◆ Work to complete ◆
The answer should hold every line of the listing, unchanged and free of images.

◆ Data extract ◆
===============

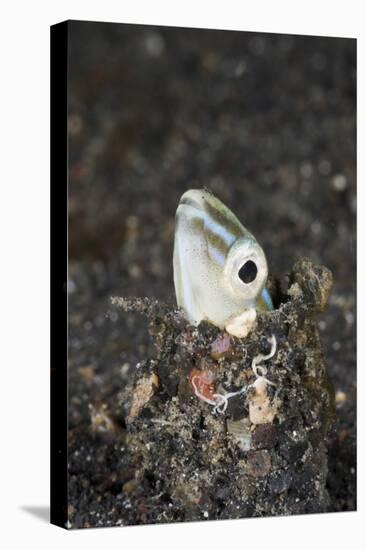 Snake or Hairtail Blenny Head (Xiphasia Setifer), Lembeh Strait, North Sulawesi, Indonesia-Reinhard Dirscherl-Premier Image Canvas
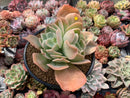 Echeveria 'Pastel' 5"-6" Succulent Plant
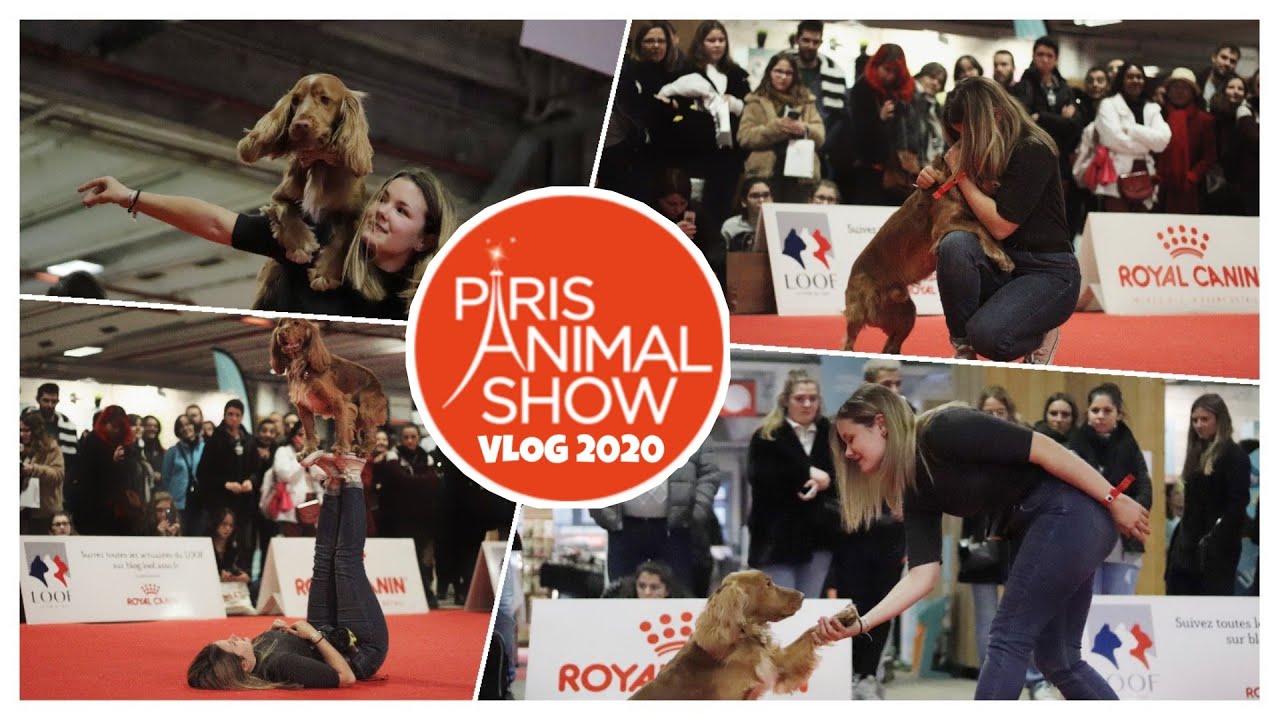 Paris Animal Show 2020 | VLOG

===============

◆ Result for this task ◆
 Snake or Hairtail Blenny Head (Xiphasia Setifer), Lembeh Strait, North Sulawesi, Indonesia-Reinhard Dirscherl-Premier Image Canvas
 Echeveria 'Pastel' 5"-6" Succulent Plant
 Paris Animal Show 2020 | VLOG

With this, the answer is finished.